>>>>
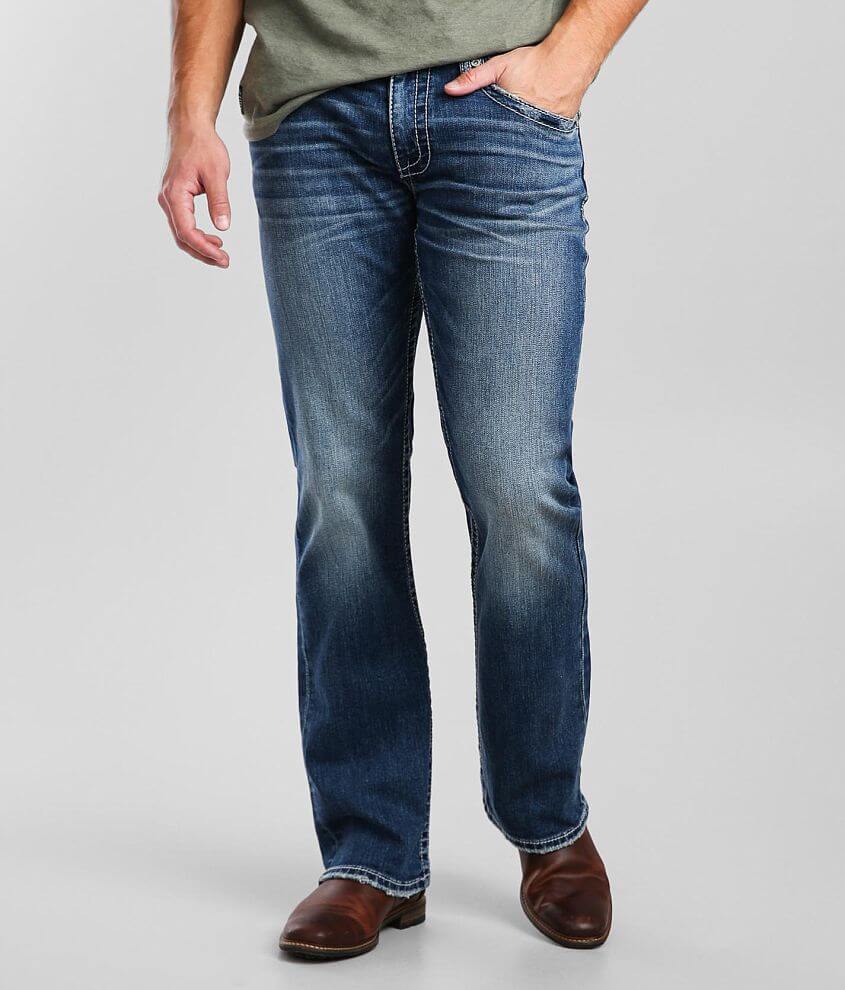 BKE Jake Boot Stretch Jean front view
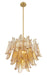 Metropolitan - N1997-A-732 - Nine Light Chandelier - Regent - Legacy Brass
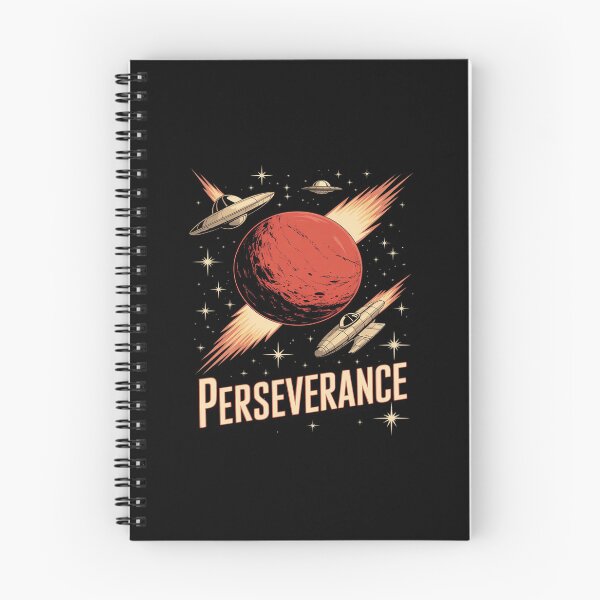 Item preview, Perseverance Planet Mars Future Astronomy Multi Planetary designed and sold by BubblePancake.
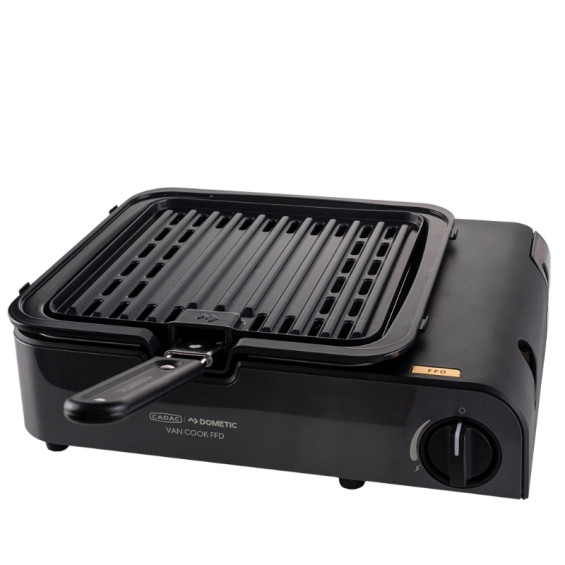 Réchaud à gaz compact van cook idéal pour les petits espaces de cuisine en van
<<<<
>>>>
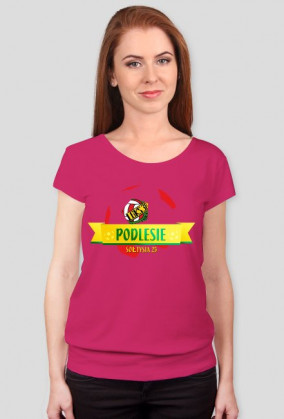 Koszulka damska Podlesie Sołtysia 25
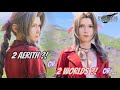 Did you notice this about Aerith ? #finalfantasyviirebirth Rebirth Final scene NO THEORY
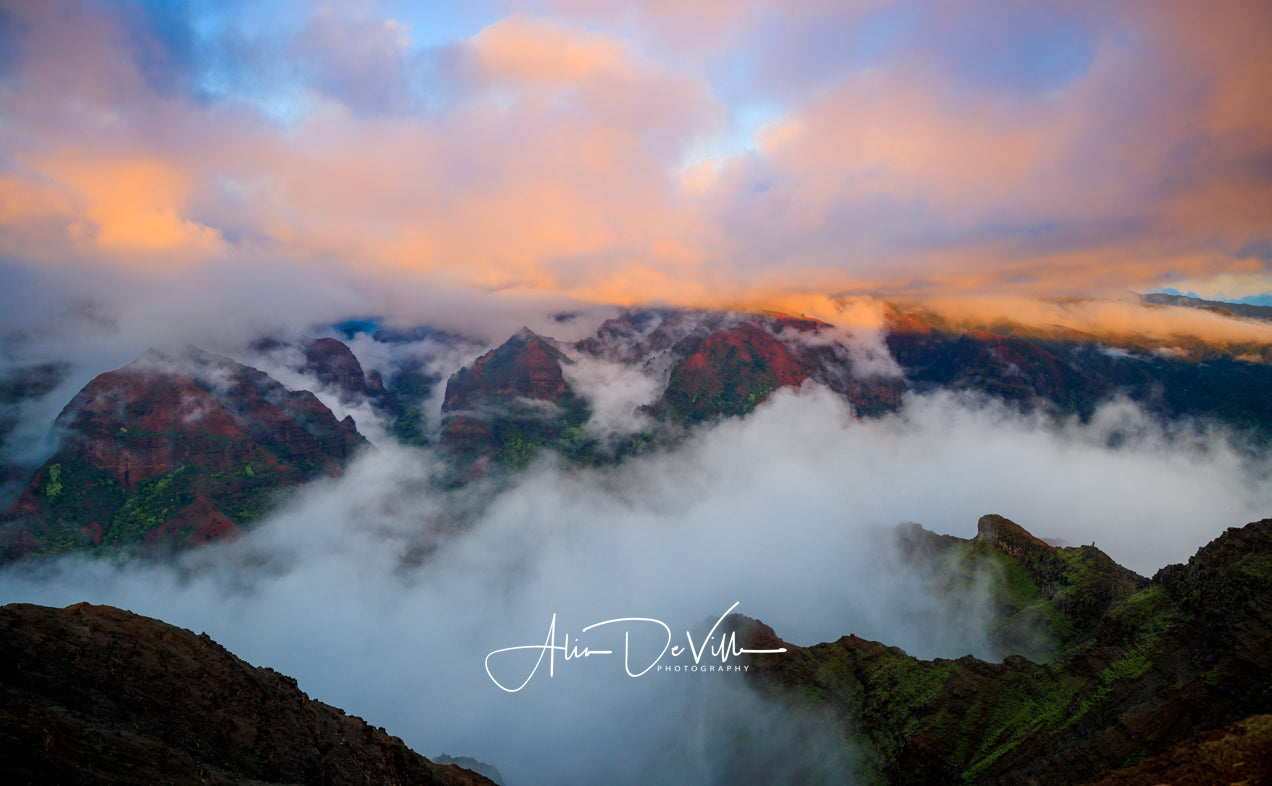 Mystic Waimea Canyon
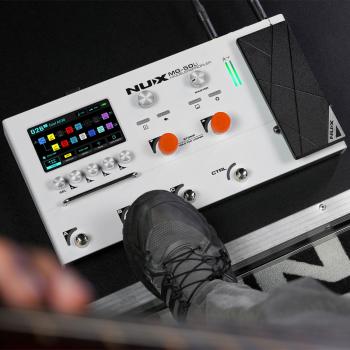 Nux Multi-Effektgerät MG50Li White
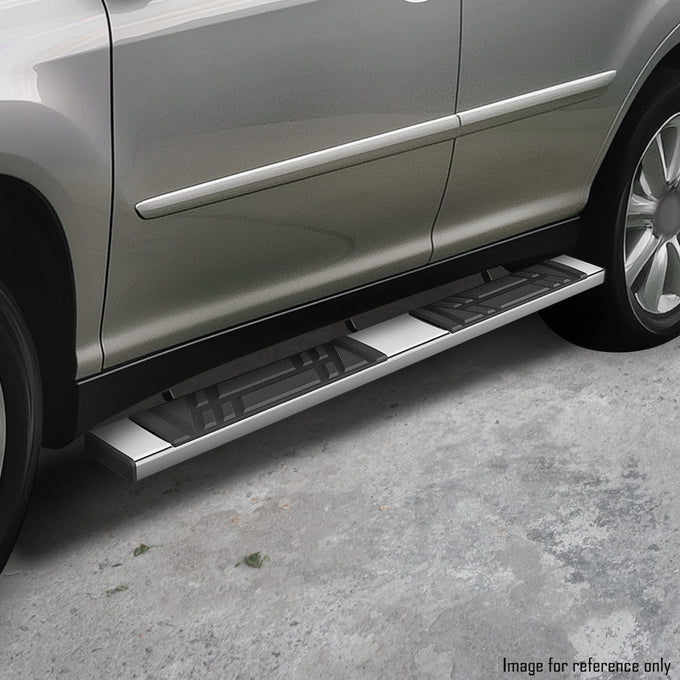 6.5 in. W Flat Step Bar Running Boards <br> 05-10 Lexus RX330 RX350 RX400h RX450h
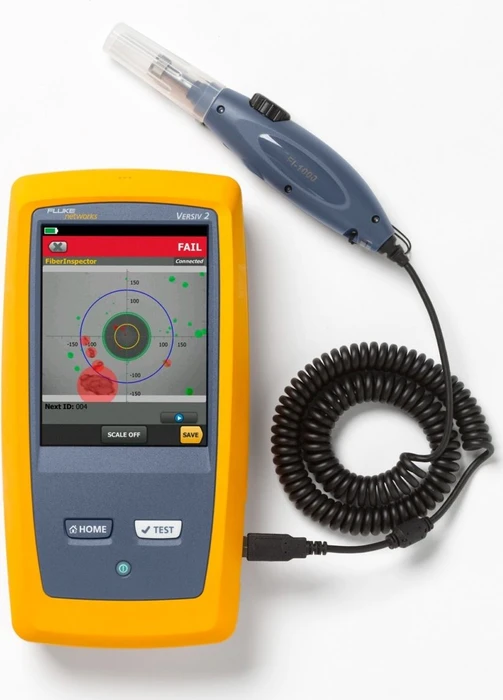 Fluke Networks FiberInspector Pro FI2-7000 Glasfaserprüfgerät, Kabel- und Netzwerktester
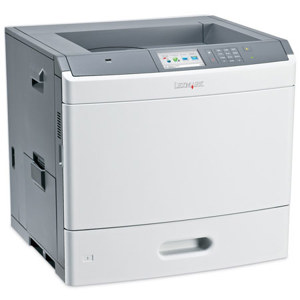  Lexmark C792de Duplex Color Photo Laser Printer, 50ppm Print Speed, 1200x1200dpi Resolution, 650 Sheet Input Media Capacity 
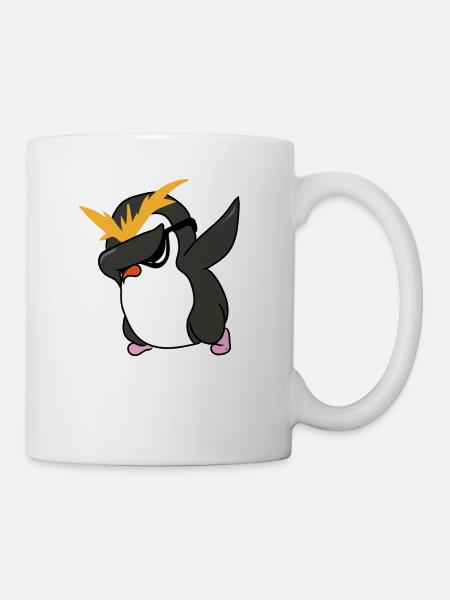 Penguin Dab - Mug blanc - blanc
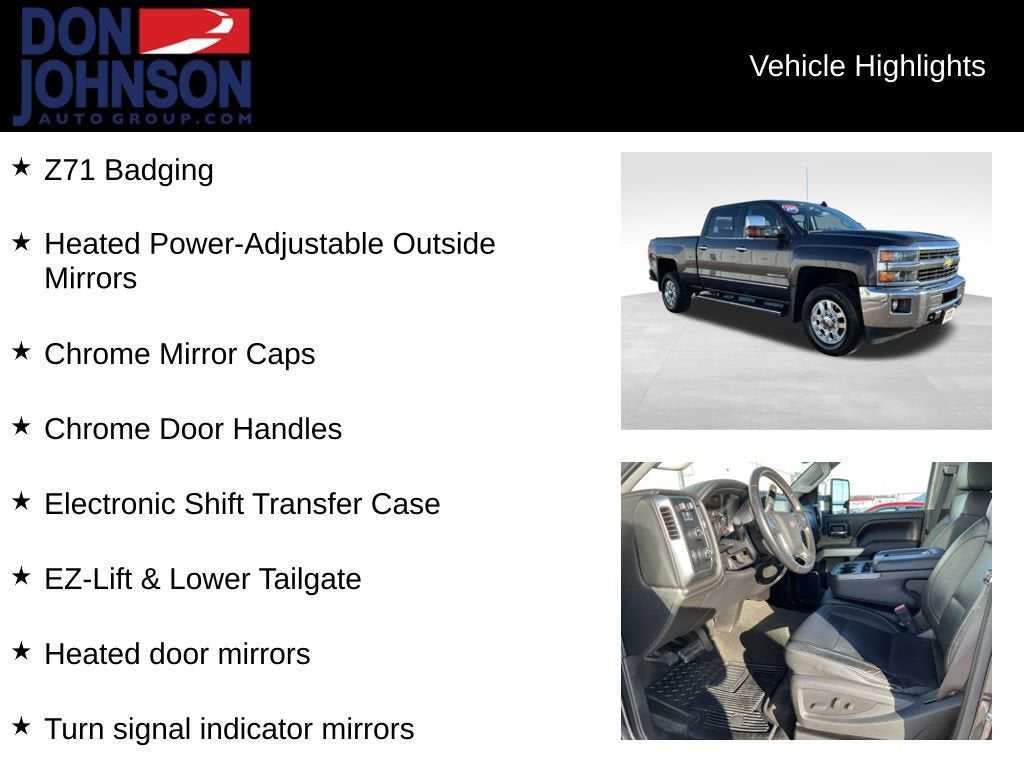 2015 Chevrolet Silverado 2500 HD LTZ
<<<<
Task to carry out:
Return exactly the lines above, from the one with "6.5 in. W Flat" up to and including the one with "2015 Chevrolet Silverado 2500 HD LTZ", and include no pictures.

Exercise result:
 6.5 in. W Flat Step Bar Running Boards <br> 05-10 Lexus RX330 RX350 RX400h RX450h
 Fluke Networks FiberInspector Pro FI2-7000 Glasfaserprüfgerät, Kabel- und Netzwerktester
  Lexmark C792de Duplex Color Photo Laser Printer, 50ppm Print Speed, 1200x1200dpi Resolution, 650 Sheet Input Media Capacity 
 Penguin Dab - Mug blanc - blanc
 2015 Chevrolet Silverado 2500 HD LTZ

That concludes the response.